Barbara Zvan, 38

Senior vice-president, asset mix and risk

TERRENCE BELFORD

From Friday's Globe and Mail

Barbara Zvan, 38, is a number cruncher with a difference. Trained as an actuary, she knew even during her years at university that she did not want a career figuring out average client life spans for an insurance company. She saw a role for herself using her skills as a mathematician in the investment industry.

The accuracy and need for that vision is evident in her career path. She has risen from an entry level job as assistant portfolio manager at the $106-billion Ontario Teachers' Pension Fund in 1995 to senior vice-president, asset mix and risk, a role she stepped into two years ago this April at age 36.

Along the way she has been instrumental in getting Teachers involved in such non-traditional investments as commodities and a timberlands portfolio. As if the pressures of a high-profile corporate career helping manage the pensions of 104,000 retired teachers was not enough, she has also found time to start a family.

No easy trick, as any working woman can tell you.

She and her husband Bill Watson, a management consultant, now have a son Liam, 6, and twins Evan and Sophia, 4. The first child meant taking a break of six months; the twins, a year, away from work.

"My job and my children are my priorities," she says. "I can balance both because I have a great husband, a great nanny and delegate both at work and at home. I don't cook dinners, for example. For that I order foods prepared by expert chefs through a web site."

At work it means delegating the nitty-gritty of number crunching to a staff of 25. Her time is best spent these days on policy, strategy and governance issues and working with the Ontario government and the Ontario Teachers' Federation to make the changes deemed necessary to pension fund contributions and benefits.

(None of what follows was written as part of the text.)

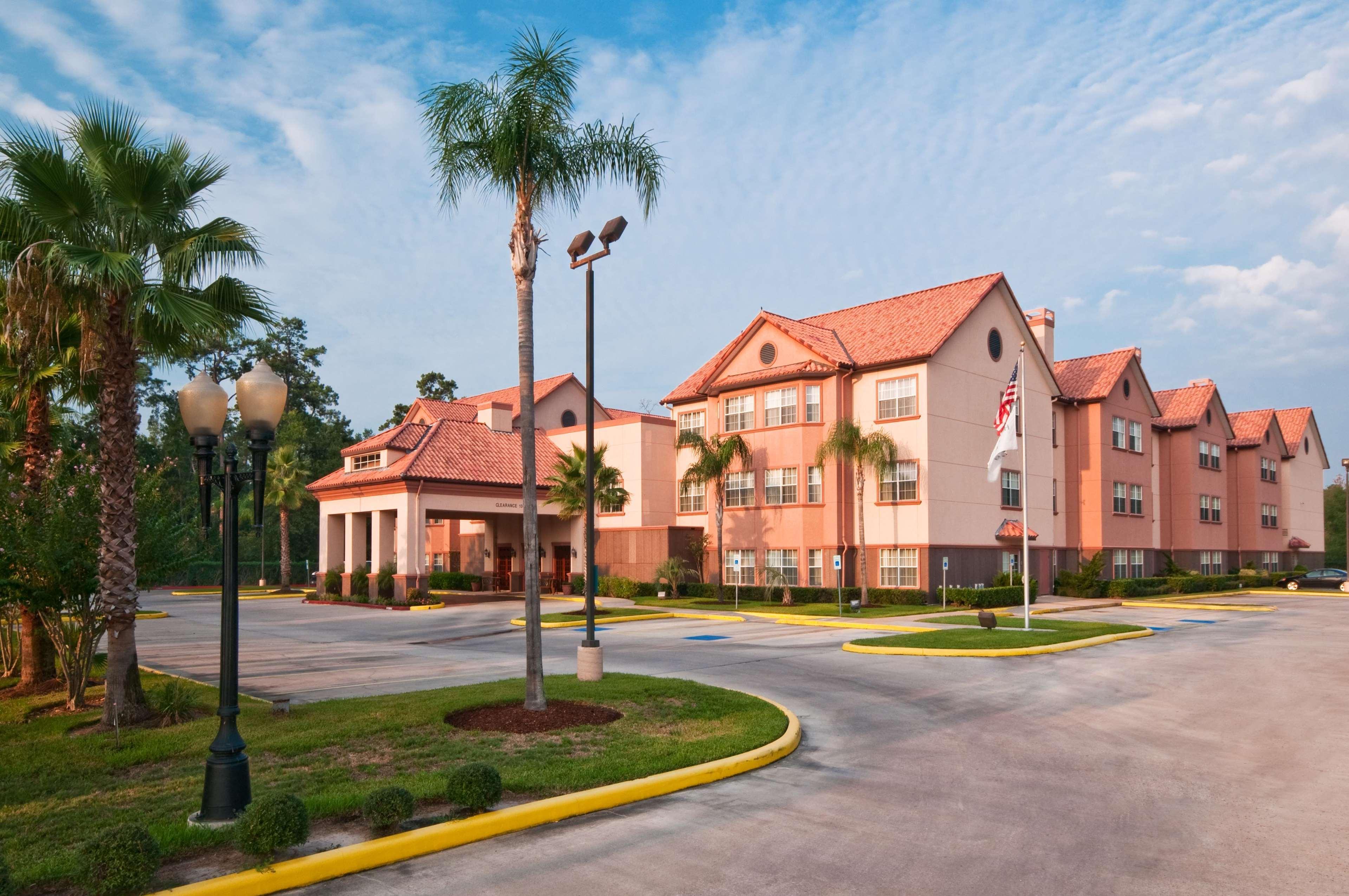 Homewood Suites By Hilton Houston-Woodlands-Shenandoah Зе-Вудлендс Экстерьер фото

One of her proudest achievements is playing a role in the creation of a risk analysis model that identified the likely risks Teachers would face over a 40-year span with its investments.

"That model becomes an important tool for both senior executives, board members and individual portfolio managers," she says. "It does not predict what specific investments to make but gives them an idea of the risks the future holds."

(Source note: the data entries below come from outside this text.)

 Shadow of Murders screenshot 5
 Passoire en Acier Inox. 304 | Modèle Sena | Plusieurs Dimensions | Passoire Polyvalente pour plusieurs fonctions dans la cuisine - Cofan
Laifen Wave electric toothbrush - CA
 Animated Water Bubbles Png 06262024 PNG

Granted, that model did not predict the extent of the current recession. "But then nobody did," she says. Just how Teachers will adjust to its effects is still a work in progress, she says. "It is just too early to talk about specific adjustments we will make or specific strategies for the future."

While her career to date from University of Waterloo graduate armed with a masters in mathematics to senior vice-president at a massive pension fund has been impressive, Ms. Zvan says her eventual goals hold still greater challenges. She would like to run a company of her own.

"Maybe a pension fund," she says. "I would love the challenges of running a company but at the same time I am perfectly happy attending to all the small details as well."